Angela Bachan-Khan, a QC student majoring in accounting and economics, is involved with the People for the Pavilion project. The PFP is a group defending the project instead of the original idea to demolish it.

She first heard of the organization last semester when they held an event on campus.

“Currently, the Pavilion got a paint job by volunteers and it is being used as an attraction in celebrating the 50th anniversary of the World’s Fair. The group has grown by leaps which are an indication of how much interest there is. I do believe that now that [Queens] Borough President Melinda Katz is supporting the project, there will a better chance that the pavilion will be refurbished and made functional for the people,” Bachan-Khan said.
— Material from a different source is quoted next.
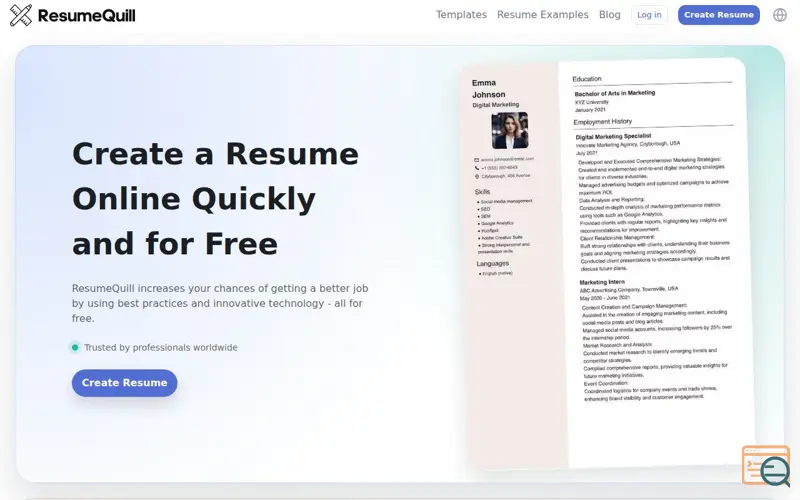 Screenshot of ResumeQuill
In 2009, the National Register of Historic Places, which is a part of the Department of the Interior, listed the New York State Pavilion as a historic place. The NRHP’s role is to “coordinate and support public private efforts to identify, evaluate and protect America’s historic and archeological resources,” according to their website.
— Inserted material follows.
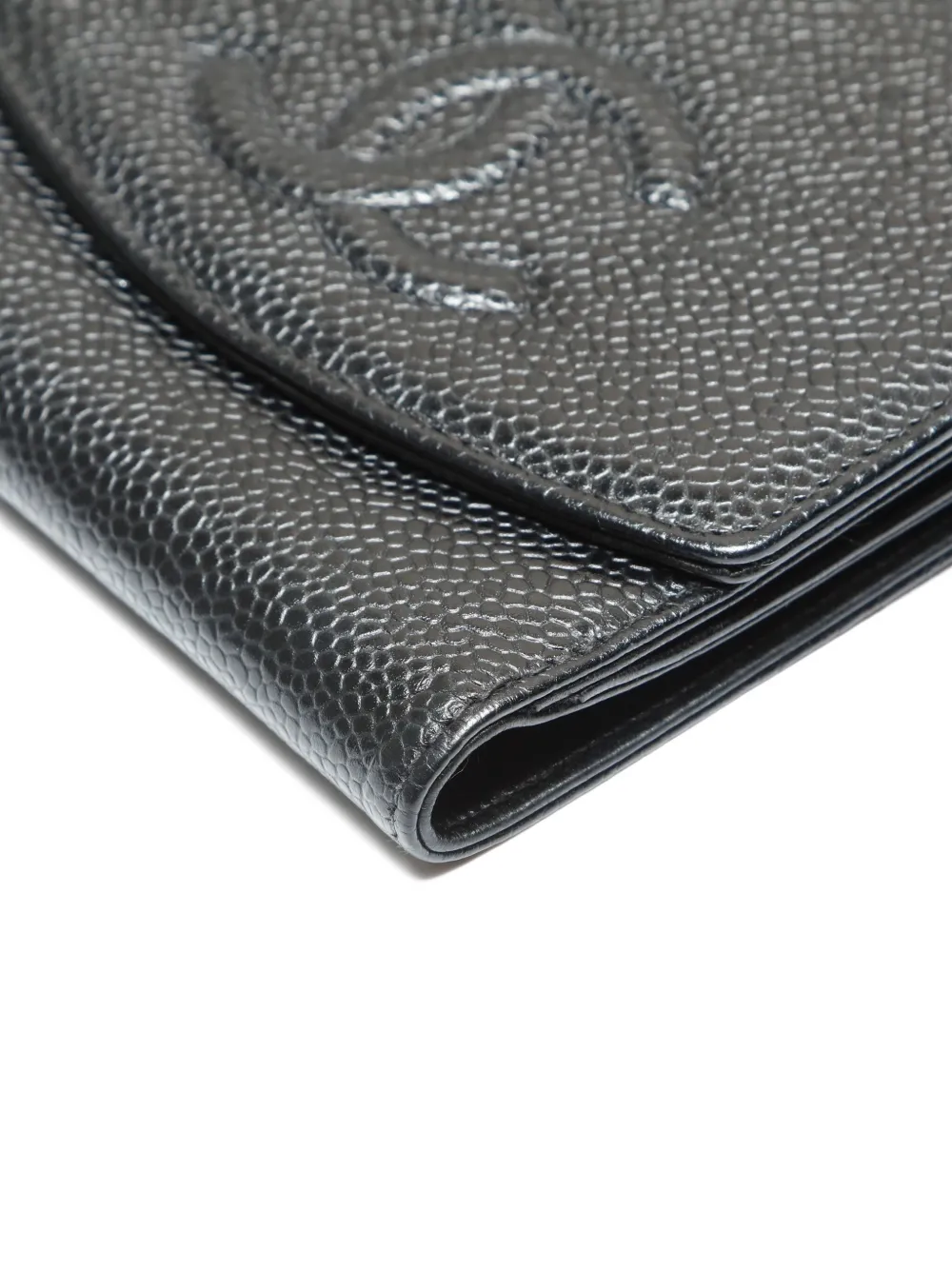 Pre-owned Chanel 2000-2002 Cc Wallet In Black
Matthew Silva, one of the co-founders for PFP, explained how he sought out to do a documentary. By doing so, he was able to meet Christian Doran and, eventually, Salmaan Khan to create the organization.

“I think the building is an iconic symbol of Queens. The building serves a geographical marker and nothing else. They see it and they’re back in Queens. It’s become such a backdrop that it’s a part of peoples’ lives,” Silva said.
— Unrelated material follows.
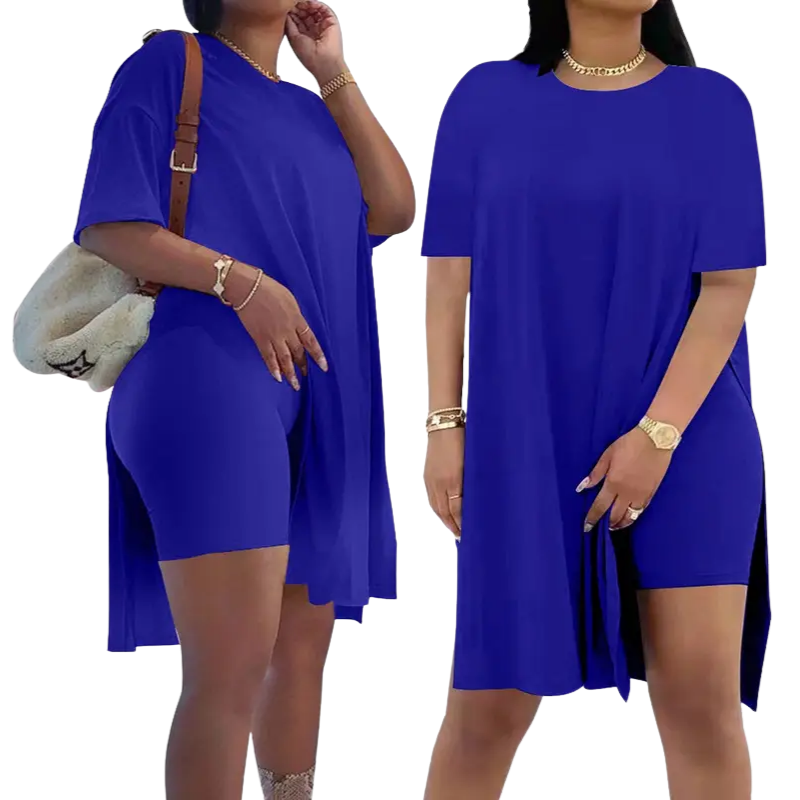 Plus Size Summer Outfit Side Slit Tunic Top & Biker Shorts Set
For the past few months, PFP was able to get support from groups like the New York Mets. The Mets will play a game on Aug. 1 against the San Francisco Giants with portions of ticket sales funding financial support for the Pavilion.

To celebrate the 50th anniversary of the Pavilion, more than 5,000 attended the opening of the Tent of Tomorrow on April 22. Attendees included Melinda Katz and people who were children when it first opened in 1964.

Bachan-Khan viewed it as a part of the draw the Pavilion had for people in the Queens community.

“Because people remembered the fair, some are interested in history and buildings and some came because of the success of the group in raising awareness,” Bachan-Khan said.

Silva stated a significant challenge was getting the “necessary funds” to help fund a potential plan. However, he noted the event was significant in their journey so far.

“One thing that stuck out was the April 22 event where estimates of 5,000 people came out on Tuesday. What that showed me was there are a lot of people who care and want it to turn into something they could access and utilize,” Silva said.

Brandon Jordan

Brandon is a senior majoring in Political Science and Economics with a minor in Business And Liberal Arts. He covers labor and activism at CUNY. He also likes to cook, bake, run and make puns, sometimes not in that order. You can follow him on Twitter @BrandonJ_R and email him at brandon[at]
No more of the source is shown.